Activity: What lines below contain the string "background"? List them all.

....................

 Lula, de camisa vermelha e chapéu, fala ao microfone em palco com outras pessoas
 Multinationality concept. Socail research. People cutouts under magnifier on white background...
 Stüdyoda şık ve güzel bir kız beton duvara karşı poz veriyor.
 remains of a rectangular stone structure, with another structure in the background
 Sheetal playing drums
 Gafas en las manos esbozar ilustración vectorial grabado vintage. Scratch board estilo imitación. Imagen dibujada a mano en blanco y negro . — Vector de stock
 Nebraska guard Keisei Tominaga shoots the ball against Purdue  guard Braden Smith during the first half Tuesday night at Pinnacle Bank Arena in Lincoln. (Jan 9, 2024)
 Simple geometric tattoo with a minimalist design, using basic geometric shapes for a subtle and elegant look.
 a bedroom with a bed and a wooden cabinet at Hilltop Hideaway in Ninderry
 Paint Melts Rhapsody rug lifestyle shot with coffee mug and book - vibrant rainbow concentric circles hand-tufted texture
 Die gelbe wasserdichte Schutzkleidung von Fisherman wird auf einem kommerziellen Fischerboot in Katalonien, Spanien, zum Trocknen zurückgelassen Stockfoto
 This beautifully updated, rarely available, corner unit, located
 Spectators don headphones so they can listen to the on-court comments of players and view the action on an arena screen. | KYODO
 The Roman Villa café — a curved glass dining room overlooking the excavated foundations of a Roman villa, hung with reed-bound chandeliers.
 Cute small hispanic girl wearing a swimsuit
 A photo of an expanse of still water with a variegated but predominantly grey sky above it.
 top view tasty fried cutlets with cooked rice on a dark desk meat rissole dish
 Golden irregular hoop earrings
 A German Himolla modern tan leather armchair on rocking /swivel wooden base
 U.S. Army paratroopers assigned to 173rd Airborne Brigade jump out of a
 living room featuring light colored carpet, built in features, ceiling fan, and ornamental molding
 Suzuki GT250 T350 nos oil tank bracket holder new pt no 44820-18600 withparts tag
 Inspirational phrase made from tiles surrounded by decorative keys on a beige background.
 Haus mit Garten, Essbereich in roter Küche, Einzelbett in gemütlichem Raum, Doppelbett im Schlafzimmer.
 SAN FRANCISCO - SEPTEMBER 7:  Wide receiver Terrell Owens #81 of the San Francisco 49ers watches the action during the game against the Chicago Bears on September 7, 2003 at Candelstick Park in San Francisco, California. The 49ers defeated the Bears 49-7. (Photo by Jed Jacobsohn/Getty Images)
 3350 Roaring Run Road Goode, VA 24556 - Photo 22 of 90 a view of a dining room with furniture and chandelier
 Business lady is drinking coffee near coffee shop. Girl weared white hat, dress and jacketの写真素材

....................

Output for this task:
 Multinationality concept. Socail research. People cutouts under magnifier on white background...
 remains of a rectangular stone structure, with another structure in the background
 Inspirational phrase made from tiles surrounded by decorative keys on a beige background.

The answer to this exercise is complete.